*** Begin section ***
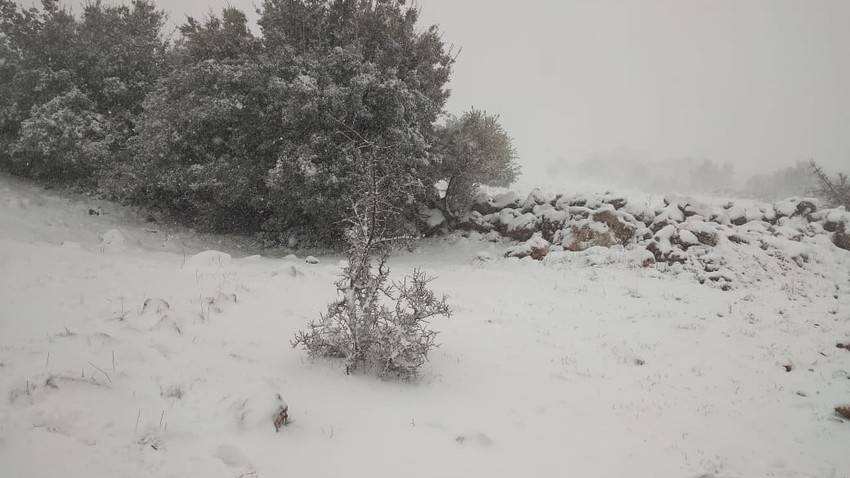 الإدارة المحلية تدعم البلديات بـ5 ملايين دينار لمواجهة الظروف الجوية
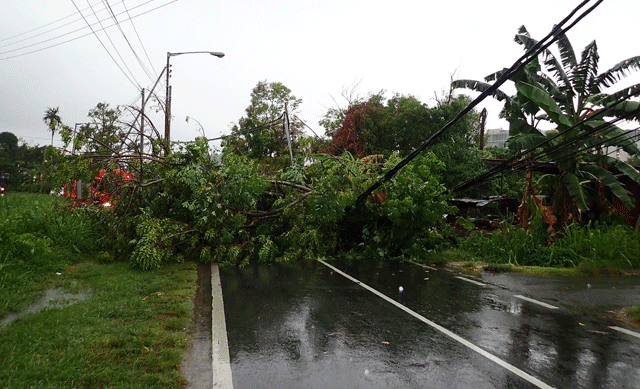 Power lines down from tropical storm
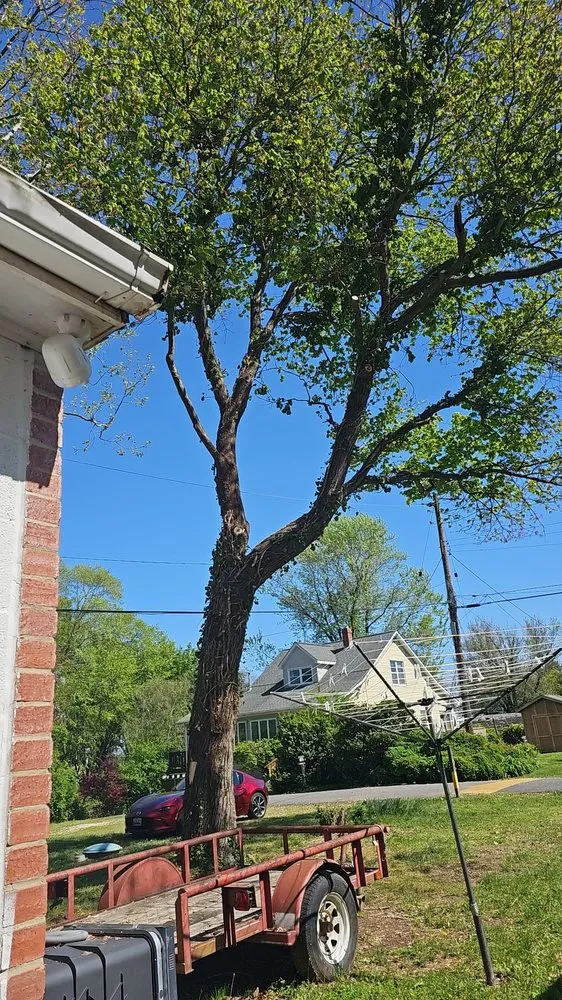 Professional landscape installation for beautiful yards across Edgewater, MD - L&J Morales Tree Service & Landscaping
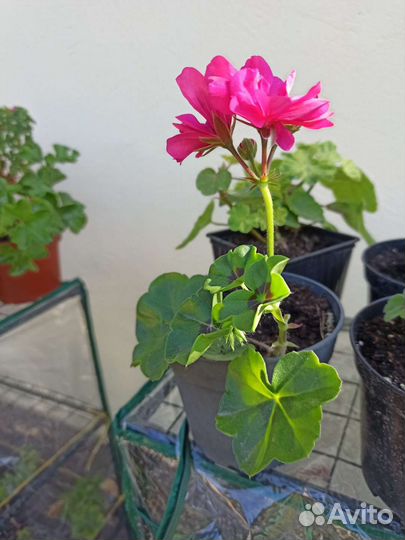 Герань пеларгония, цветущий подросток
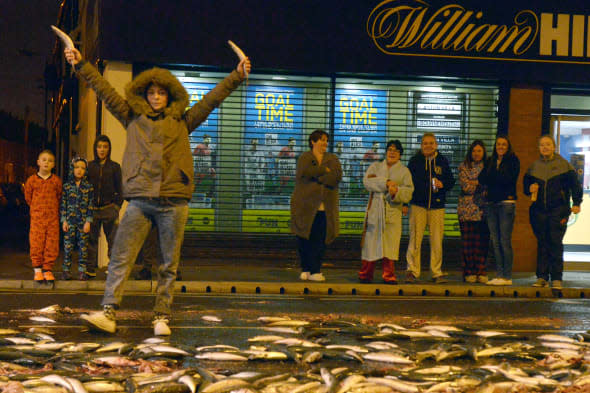 Thousands of fish flood street in Belfast as lorry sheds load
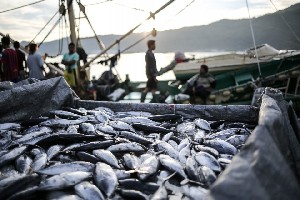 Indonesia Ajak Thailand Tanam Modal di Sektor Pengolahan Tuna Loin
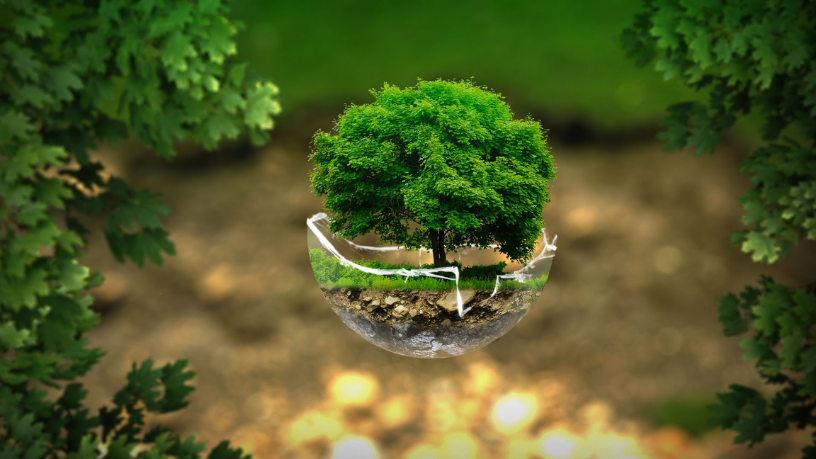 As Áreas de Preservação Permanente (APPs) são fundamentais para a proteção de ecossistemas sensíveis e recursos hídricos, como destaca Bruno Garcia Redondo.
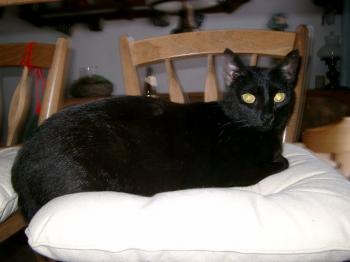 n Bild von Nera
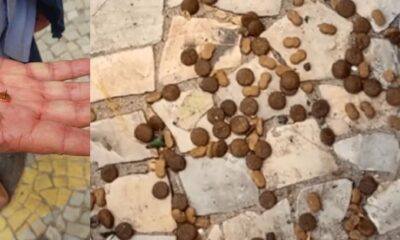 Em racao destinada a caes de rua moradores denunciam que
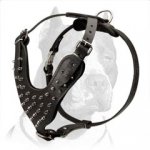 Stunning Design Spiked Leather Dog Harness for Pitbull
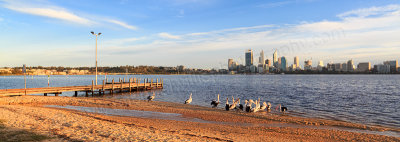 Pelicans by the the Swan River at Sunrise, 1st September 2014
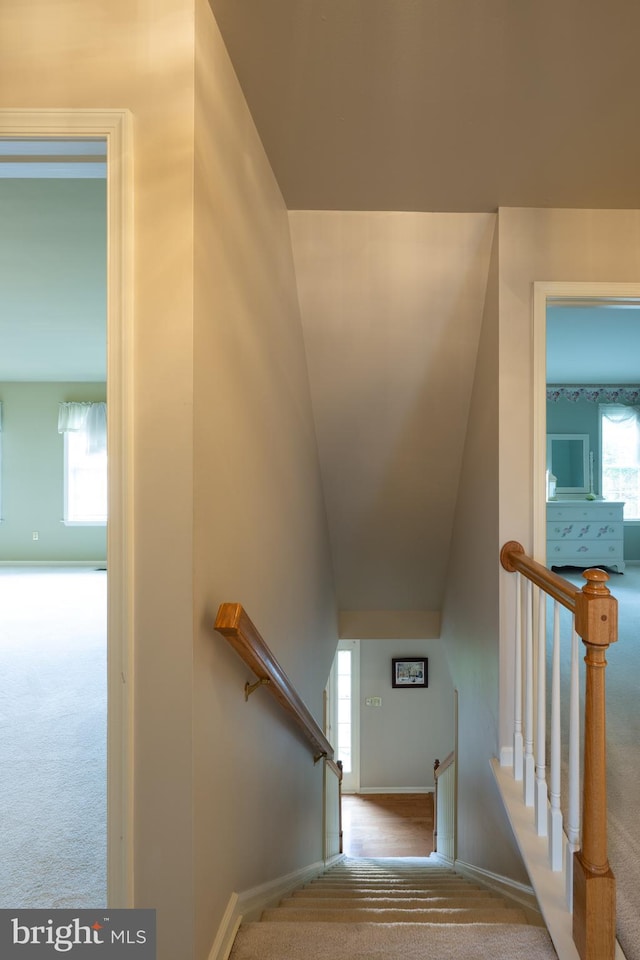 5900 Wayside Dr, Macungie, PA 18062 - staircase with carpet flooring and baseboards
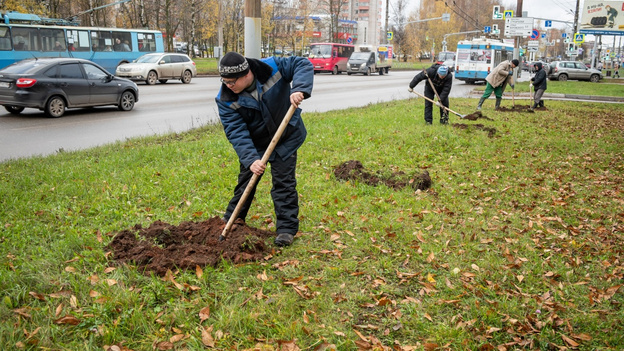 Тысячу новых деревьев посадят на улицах Кирова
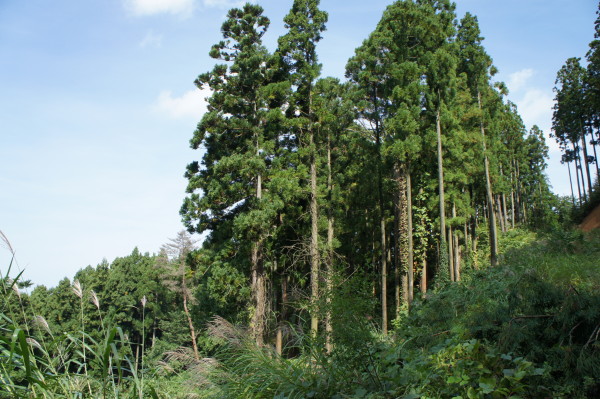 新石山の家　始動です！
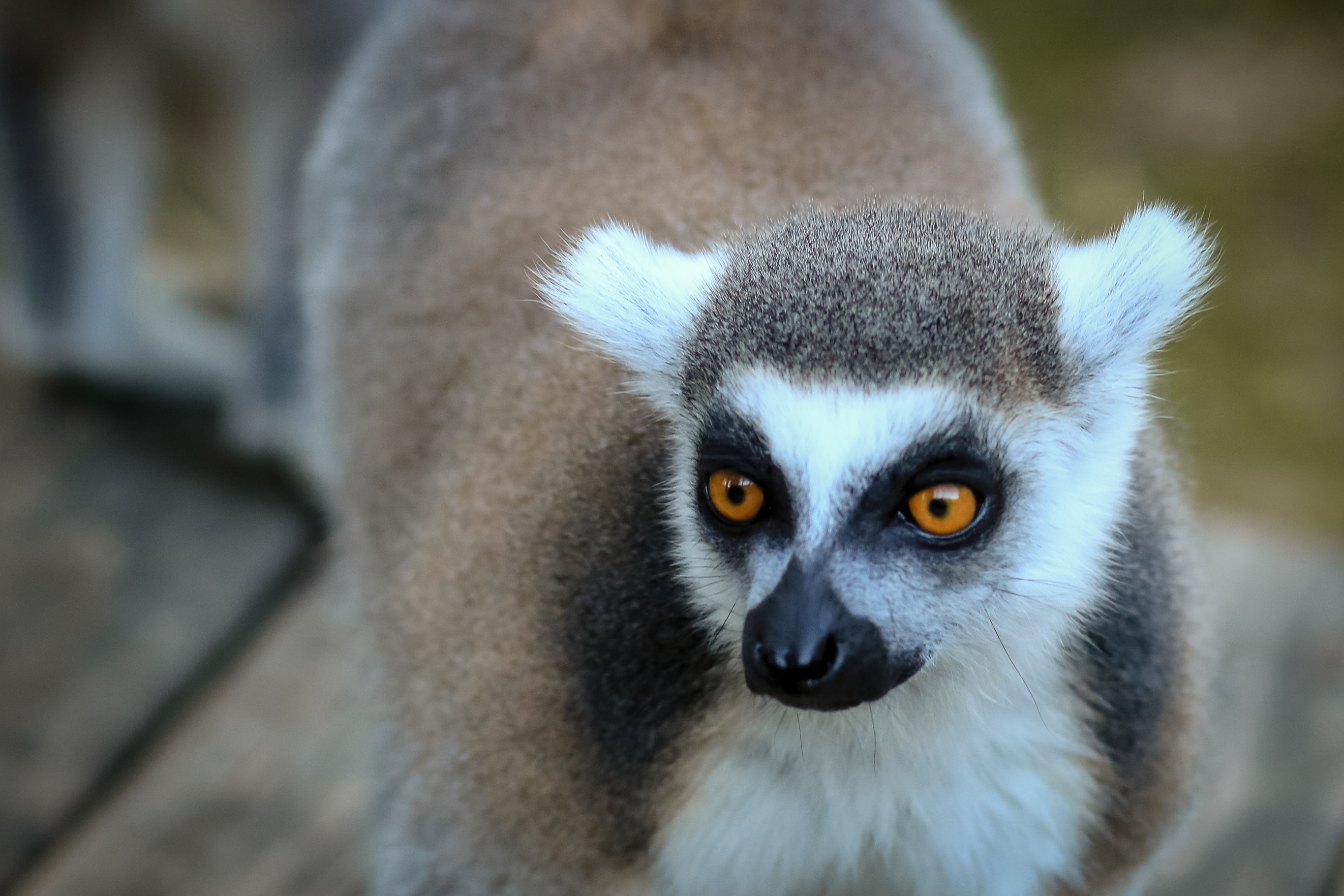 Lemur Lemurs Animals free image download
*** End section ***
▸ **Problem**: Output only the lines that run from the line containing "Pelicans by the" to the last line of the data, exactly as they stand and without pictures.

▸ **Result of this exercise**:
 Pelicans by the the Swan River at Sunrise, 1st September 2014
 5900 Wayside Dr, Macungie, PA 18062 - staircase with carpet flooring and baseboards
 Тысячу новых деревьев посадят на улицах Кирова
 新石山の家　始動です！
 Lemur Lemurs Animals free image download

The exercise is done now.